Here's a scaled down example of one row:
x <- c(1, 3, 4, 5, 4, 3, NA, NA, NA, NA, 6, 9, 3, 2, 4, 3)
# run of four NA: ^ ^ ^ ^
I want to detect the run of four consecutive NA, and then replace three values before and three values after the run with NA:
c(1, 3, 4, NA, NA, NA, NA, NA, NA, NA, NA, NA, NA, 2, 4, 3)
# ^ ^ ^ ^ ^ ^
I have tried to first identify the consecutive NAs with rle, but running rle(is.na(df)) gives the error 'x' must be a vector of an atomic type. This occurs even when I select a single row.
Unfortunately, I do not know what the next steps to take would be in converting the previous and following 50 cells to NA.
Would highly appreciate any help on this, thanks in advance.

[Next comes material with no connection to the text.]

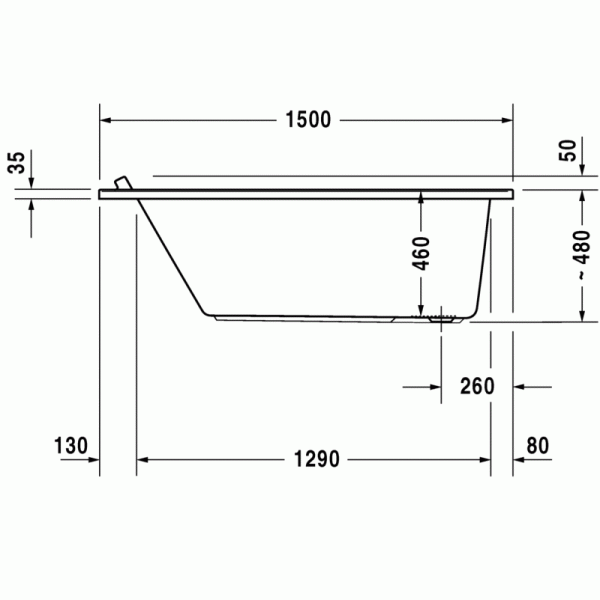 Starck ванна прямоугольная 150 см 700331000000000 в интернет-магазине «Estet Room»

Because you comment that in your data "some [rows] begin and end with several NAs", hopefully this better represents the real data:
A B C D E F G H I J
1 1 2 3 NA NA 6 7 8 NA 10
2 1 NA NA NA 5 6 7 NA NA NA
3 1 2 3 4 NA NA NA 8 9 10
Let's assume that the minimum run length of NA to be expanded with NA is 2, and that two values before and two values after the run should be replaced with NA. In this example, row 2 would represent the case you mentioned in comment.
First some data wrangling. I prefer to work with a data.table in long format. With data.table we have access to the useful constants .I and .N, and can easily create run IDs with rleid.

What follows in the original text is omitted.